- _Information_
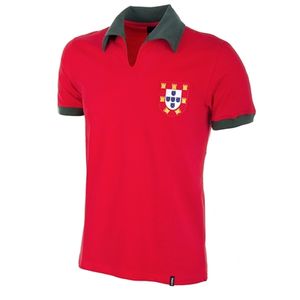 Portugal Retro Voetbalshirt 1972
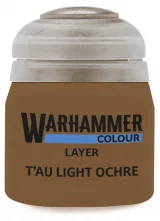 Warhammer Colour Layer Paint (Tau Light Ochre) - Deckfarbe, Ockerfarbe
--
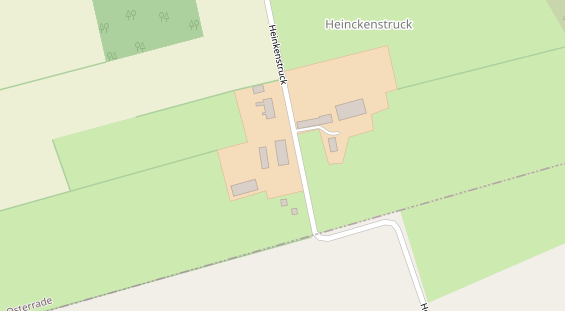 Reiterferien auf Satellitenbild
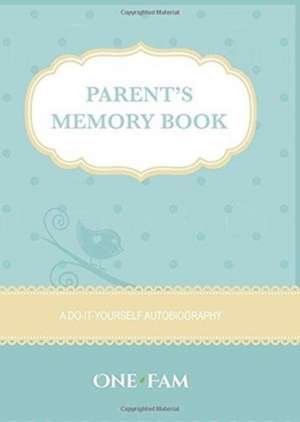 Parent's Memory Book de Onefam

- _What is being asked_
Working from the data above, repeat exactly, and only, the lines that begin at the line containing "Portugal Retro Voetbalshirt 1972" and stop after the line containing "Warhammer Colour Layer"; pictures are not copied.

- _Written solution_
 Portugal Retro Voetbalshirt 1972
 Warhammer Colour Layer Paint (Tau Light Ochre) - Deckfarbe, Ockerfarbe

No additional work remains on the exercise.